Coller Barometer shows slumping returns, soaring Asia
The latest edition of the Coller Capital Global Private Equity Barometer, polling 110 LPs worldwide, found respondents registering the full aftermath of the GFC, with the lifetime returns on their portfolios falling dramatically.
Concurrently, LPs – especially those from Europe – are also looking to up their commitments substantially in Asia Pacific. With some LPs newer to the asset class now leaving it altogether, others may be simply transferring expectations to Asia.
Fewer happy returns?
The Barometer’s data on lifetime private equity returns provides worrying proof that LPs are seeing, and coming to expect, lower overall comeback from the asset class. Over 51% of LPs in the poll reported lifetime returns of 10% or less from their portfolios, compared to 22% in 2008 and 29% in 2009. And the proportion of LPs seeing returns of 16%+ from their commitments is now down to 22%, compared with 45% in 2007.
Figures like this call into question the entire investment rationale for the asset class. As Hiro Mizuno, Partner at Coller Capital pointed out, “If this kind of return becomes common for private equity, it will lose its attractiveness...We hope that this is a temporary dip because of the financial crisis, but some people may believe that the return levels now will be very different from in previous decades.”
Mizuno notes that lifetime returns figures are skewed toward recent returns, primarily because even the longest-established investors in private equity increased their commitment levels over the past five years or so. Big buyout funds in particular tended both to drive up LP private equity commitments during the boom years and drive down their returns as keenly-priced deals turned sour.
As a result, “a lot of investors have left this asset class. Quite a few have told us that they just stopped investing in private equity,” Mizuno said. This chiefly refers to recent entrants to private equity, many of them outside the latest poll, many of which ramped up programs during or just before the bubble period that ended in 2008. LPs with decades-long commitment to the asset class will remain investors, but may reduce overall commitments.
Asia Pacific attractive
While the global picture looks relatively gloomy, LPs are preparing to rebalance their allocations with both eyes on Asia, looking at both growth capital and buyout strategies.
According to the Coller survey, the16% of respondents who have more than 10% of their private equity allocation in Asia Pacific today will more than double to 38% within three years. North American investors, already well exposed to the region with 26% allocating more than 10% to the region currently, will see this figure rise to 41% in the same period. And European LPs, less exposed to Asia, will increase allocations to just below North American levels.
The LP poll unsurprisingly rates China and India as the first and second most attractive growth capital markets, naming Australia as the most attractive buyout market. China also tops the list of overall country preferences, with 53% of the poll intending to expand or begin investment there in the next two years, while 44% plan the same for India.
The issue is then whether Asia, especially China and India, can deliver. “Australia is the only market which has a track record of [consistently high returns],” Mizuno cautioned.But he maintained that, “China and India still create huge wealth opportunities. From a macro perspective, those countries seem to create higher returns.”

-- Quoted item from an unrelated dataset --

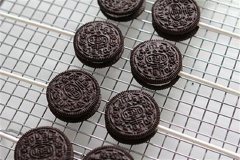 Đun cách thủy cho nóng chảy 200g chocolate trắng. Tách bánh Oreo, cho một ít chocolate chảy và giữa bánh rồi đặt ngay que kẹo vào. Chocolate sẽ có tác dụng cố định que kẹo vào bánh. Kẹp bánh trở lại. Ấn nhẹ để hai lớp bánh dính chặt với nhau. Để bánh trên khay trong 10-15 phút để chocolate cứng lại.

Above all, he emphasized, returns in the 16%+ range are what LP investors need to sustain their commitment to private equity above other asset classes. These should be achievable by reasonably experienced private equity professionals, in emerging Asia as elsewhere, with or without the leverage levels of the pre-GFC boom years.
Returns expectations of that type practically dictate Asia as the investment destination of choice. “If you want that kind of return over the next few years, it’s very difficult to say the US or Europe, so you have to say Asia,” Mizuno concluded. “People cannot really have high hopes or even reasonable expectations of the US or European markets at the moment.”